On his last Belfast appearance, Best was given a hero's farewell by the Ulster crowd when replaced by Rob Herring late on and acknowledged it was a special day for him, all the more so with his family, including former Ulster and Ireland prop brother Simon, watching on.

"Family is very important to me and, as well as my mum and dad, my sister was over and my big brother Simon is always there and his kids were on the pitch, too," said Best. "It was a really special occasion for me to have everyone there and I suppose all you're hoping is you can end it all with a win.

"My eldest son, Ben, asked me this week when I first played for Ulster and I said, '2004, sure you know that' but he said, 'No, when did you first pull on an Ulster shirt?' I said it was 1998 with Ulster schools and he said, 'Did you know that was the same year Michael Lowry was born?'

"I said, 'Brilliant Ben, thanks. That's exactly what I needed to hear when I'm going into a big game unsure about my ankle'.

"They've been great. Our youngest son, Richie, keeps telling me he's going to be a professional rugby player with Ulster and Ireland but he's not going to retire.

"Ben knows a little bit more and he sort of knew it was coming, though he hoped it wouldn't. And our daughter, Penny, just enjoys the camera, I don't know what she's going to do when the camera's not on her next year."

Best added: “They’ve been great, and I’ve said a lot about how my wife, Jodie, brings them all to every game.

“We talked at the time we were having them that we wanted them to be involved, we wanted them to have memories like this.

“Whenever we had our first, we thought we’d get him here because we didn’t know how many we were going to have.

“He’s had eight years coming here, going to Ireland games, going to Lions games and Jodie’s brought them everywhere. I don’t know how she travels places with them, but she does, and they have these special moments.”

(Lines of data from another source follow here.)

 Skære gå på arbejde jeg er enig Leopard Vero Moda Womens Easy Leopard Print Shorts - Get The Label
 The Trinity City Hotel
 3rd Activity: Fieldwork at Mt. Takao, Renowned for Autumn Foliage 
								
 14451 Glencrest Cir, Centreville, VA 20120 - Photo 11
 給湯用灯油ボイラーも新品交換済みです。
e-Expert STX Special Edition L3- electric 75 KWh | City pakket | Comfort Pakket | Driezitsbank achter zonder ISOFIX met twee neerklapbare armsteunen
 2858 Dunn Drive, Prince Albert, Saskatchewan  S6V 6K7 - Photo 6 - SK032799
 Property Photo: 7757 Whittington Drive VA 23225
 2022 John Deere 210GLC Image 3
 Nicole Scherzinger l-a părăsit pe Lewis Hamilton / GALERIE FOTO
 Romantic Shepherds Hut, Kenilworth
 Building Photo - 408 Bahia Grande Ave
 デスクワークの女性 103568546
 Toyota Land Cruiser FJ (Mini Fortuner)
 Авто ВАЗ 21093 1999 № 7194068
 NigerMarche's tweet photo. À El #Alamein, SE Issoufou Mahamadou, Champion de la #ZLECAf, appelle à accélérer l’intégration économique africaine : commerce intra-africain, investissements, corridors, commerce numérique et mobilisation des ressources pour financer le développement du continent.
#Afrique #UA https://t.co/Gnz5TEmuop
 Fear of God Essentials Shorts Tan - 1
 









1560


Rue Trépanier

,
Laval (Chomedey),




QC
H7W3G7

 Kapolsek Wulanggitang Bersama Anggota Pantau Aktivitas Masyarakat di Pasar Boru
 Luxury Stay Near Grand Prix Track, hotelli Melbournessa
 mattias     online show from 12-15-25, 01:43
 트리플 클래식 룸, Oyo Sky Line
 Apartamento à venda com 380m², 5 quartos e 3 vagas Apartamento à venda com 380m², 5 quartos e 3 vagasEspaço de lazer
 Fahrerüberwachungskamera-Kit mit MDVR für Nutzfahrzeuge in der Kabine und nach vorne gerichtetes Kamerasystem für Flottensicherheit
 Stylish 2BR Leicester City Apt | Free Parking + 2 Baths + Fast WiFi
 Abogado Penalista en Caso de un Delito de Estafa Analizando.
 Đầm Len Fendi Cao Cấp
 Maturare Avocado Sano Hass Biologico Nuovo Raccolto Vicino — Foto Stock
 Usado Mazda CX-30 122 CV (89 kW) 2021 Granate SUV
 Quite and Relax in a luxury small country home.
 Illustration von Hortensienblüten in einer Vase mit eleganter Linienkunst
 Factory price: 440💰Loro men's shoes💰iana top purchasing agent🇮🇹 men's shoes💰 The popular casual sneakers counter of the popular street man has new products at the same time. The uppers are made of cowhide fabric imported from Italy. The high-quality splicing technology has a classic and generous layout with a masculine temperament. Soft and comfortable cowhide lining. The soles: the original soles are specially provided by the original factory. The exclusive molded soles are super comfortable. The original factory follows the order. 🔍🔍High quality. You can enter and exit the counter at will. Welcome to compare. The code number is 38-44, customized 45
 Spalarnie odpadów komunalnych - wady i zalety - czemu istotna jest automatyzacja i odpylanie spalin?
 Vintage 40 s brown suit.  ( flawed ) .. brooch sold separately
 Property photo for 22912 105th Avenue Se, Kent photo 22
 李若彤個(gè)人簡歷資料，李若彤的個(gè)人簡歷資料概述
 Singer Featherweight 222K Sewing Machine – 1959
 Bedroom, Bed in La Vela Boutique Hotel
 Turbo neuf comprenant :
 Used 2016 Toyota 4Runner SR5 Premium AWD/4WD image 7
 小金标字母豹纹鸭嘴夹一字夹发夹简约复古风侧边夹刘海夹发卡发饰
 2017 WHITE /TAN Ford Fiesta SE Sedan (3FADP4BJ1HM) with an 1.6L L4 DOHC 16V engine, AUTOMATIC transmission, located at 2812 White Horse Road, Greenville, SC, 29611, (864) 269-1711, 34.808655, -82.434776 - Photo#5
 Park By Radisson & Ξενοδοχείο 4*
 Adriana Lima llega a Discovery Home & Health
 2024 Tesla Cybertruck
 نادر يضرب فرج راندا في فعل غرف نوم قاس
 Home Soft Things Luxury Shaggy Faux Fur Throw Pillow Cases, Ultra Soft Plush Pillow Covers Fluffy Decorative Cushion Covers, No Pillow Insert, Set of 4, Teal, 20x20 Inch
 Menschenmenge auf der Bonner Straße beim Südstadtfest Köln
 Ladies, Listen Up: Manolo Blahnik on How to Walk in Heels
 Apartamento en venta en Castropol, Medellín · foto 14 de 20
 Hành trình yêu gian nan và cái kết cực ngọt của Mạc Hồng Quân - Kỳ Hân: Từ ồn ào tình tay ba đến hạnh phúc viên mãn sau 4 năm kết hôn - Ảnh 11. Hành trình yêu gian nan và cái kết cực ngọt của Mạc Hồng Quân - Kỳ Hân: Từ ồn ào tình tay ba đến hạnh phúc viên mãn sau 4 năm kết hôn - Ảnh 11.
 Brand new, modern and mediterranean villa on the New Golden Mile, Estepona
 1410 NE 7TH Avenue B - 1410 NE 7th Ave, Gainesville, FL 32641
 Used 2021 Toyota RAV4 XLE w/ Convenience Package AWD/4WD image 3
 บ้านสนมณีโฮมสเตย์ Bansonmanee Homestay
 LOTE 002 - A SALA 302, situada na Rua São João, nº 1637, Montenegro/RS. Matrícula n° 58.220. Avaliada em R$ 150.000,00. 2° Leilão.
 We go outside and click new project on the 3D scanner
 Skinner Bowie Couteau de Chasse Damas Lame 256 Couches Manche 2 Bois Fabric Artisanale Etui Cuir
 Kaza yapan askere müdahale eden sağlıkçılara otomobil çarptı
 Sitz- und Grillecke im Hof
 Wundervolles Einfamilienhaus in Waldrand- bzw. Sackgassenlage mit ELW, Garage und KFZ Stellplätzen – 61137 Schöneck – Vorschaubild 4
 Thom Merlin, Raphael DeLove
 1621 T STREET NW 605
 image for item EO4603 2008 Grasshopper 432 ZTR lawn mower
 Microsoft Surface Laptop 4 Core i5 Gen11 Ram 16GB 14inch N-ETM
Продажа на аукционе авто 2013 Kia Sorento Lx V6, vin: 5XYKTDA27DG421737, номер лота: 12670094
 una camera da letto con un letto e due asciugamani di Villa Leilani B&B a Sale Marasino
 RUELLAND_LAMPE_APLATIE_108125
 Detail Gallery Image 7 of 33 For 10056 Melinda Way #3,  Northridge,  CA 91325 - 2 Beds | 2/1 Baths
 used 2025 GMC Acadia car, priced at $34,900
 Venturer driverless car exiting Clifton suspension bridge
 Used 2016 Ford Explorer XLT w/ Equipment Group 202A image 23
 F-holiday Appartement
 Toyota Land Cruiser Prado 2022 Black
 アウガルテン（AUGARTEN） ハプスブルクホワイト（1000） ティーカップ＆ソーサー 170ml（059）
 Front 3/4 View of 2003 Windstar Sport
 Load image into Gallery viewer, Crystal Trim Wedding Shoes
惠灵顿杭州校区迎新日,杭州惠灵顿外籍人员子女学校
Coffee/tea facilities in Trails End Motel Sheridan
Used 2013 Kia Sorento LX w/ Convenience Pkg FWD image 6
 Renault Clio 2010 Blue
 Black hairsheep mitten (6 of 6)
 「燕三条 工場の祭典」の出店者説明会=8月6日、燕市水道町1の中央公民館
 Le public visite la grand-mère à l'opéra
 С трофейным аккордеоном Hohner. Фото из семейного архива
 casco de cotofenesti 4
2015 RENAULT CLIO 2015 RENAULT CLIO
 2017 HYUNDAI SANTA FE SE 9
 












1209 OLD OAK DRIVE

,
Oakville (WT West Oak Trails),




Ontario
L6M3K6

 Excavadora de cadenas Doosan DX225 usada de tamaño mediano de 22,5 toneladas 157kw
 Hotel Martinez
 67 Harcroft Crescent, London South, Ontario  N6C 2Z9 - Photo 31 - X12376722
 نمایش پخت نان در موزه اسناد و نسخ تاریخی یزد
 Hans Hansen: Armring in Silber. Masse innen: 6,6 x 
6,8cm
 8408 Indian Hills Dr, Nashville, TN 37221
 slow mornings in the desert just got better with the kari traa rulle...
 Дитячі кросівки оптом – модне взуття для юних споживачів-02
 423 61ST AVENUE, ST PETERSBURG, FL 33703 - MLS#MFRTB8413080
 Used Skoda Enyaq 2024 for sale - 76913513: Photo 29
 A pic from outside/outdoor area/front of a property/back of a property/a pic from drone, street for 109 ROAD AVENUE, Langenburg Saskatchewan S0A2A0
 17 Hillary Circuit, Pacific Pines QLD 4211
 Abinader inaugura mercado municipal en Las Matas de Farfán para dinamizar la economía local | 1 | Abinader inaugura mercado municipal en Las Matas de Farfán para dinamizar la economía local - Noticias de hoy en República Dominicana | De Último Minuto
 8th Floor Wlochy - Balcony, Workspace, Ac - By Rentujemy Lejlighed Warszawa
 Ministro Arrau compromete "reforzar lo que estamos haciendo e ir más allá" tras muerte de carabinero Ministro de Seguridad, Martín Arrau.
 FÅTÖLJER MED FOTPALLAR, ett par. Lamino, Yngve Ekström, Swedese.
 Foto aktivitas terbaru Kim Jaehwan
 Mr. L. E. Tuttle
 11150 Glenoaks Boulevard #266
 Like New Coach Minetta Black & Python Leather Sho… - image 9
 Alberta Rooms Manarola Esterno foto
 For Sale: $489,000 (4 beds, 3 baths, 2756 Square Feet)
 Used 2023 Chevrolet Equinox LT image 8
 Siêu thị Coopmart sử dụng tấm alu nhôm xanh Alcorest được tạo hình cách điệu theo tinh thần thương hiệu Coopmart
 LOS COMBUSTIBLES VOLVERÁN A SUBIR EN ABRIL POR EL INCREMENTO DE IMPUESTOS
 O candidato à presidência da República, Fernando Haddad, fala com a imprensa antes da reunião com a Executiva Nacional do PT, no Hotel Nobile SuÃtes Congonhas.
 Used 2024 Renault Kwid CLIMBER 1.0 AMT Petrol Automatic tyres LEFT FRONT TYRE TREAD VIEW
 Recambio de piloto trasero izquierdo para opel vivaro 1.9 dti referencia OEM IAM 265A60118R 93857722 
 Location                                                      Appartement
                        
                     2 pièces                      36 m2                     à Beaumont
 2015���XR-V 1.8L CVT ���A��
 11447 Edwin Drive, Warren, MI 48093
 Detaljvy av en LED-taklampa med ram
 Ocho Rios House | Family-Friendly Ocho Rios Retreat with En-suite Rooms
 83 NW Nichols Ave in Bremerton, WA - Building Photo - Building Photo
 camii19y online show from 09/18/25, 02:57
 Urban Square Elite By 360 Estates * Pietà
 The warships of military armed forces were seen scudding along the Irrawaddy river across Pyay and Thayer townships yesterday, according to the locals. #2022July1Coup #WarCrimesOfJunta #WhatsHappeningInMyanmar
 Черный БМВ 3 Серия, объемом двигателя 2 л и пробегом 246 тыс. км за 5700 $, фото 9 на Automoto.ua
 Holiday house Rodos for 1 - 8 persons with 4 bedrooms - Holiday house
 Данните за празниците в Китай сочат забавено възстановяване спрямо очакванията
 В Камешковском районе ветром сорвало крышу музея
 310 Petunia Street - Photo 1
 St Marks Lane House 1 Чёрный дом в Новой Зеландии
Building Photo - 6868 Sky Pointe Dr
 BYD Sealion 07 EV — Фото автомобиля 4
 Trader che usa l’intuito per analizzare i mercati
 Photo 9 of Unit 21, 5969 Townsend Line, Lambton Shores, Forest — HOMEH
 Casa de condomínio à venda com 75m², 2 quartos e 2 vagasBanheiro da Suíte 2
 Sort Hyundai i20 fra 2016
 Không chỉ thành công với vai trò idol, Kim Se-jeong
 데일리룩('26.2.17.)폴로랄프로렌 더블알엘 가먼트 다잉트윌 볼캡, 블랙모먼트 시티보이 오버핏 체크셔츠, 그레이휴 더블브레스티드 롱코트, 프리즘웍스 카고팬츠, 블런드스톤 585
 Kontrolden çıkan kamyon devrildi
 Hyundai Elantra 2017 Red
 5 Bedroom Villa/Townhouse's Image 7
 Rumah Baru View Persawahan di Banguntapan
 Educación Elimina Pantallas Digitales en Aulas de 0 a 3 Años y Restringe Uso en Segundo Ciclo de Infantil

If there is to be one more highlight in his storied Ulster career, Best believes his side will have to be better in Glasgow than they were against Connacht on Saturday.

Dan McFarland’s team controlled the battle for possession and territory, largely denying Connacht a sniff of a try before carelessly gifting an intercept score to make it a nervy one-point game until Marcell Coetzee’s late try.

“We have to play with more precision,“ Best observed. “We had Connacht on the rack a couple of times — they’re a quality defensive side — but we let them off the hook. They had a few intercepts at pivotal moments and that could have been very costly.

“We have to tighten up at set-pieces. We were a little bit slow to get set and that allowed them to see the pictures.

“In the second half, we talked about speeding it up which helped us. We know we can be better.

“We were a little nervy at times. We had a fantastic start. But we can be, and we have to be, a bit more razor sharp in Glasgow.

“In our defensive sets I thought we looked comfortable at times, and not just that we were aggressive at the line and drove them back at times.

“Our entire game will have to be a little bit better and we know how good they are but that’s for another time.”

  • At the PRO14 awards in Dublin’s Guinness Storehouse last night, Benetton’s Kieran Crowley was named Coach of the Year while Edinburgh’s Bill Mata was named the league’s Player of the Year.

Edinburgh also saw fly-half Jaco van der Walt claim the Gilbert Golden Boot with a goal-kicking accuracy of 86.84% while the club’s retiring Scotland hooker Ross Ford was recognised for incredible longevity in the Championship as he received the Chairman’s Award.

Glasgow Warriors’ Adam Hastings was voted as the Energia Next-Gen Star of the Season following in the footsteps as Jordan Larmour, Joey Carbery, Stuart Hogg and Jonny Gray.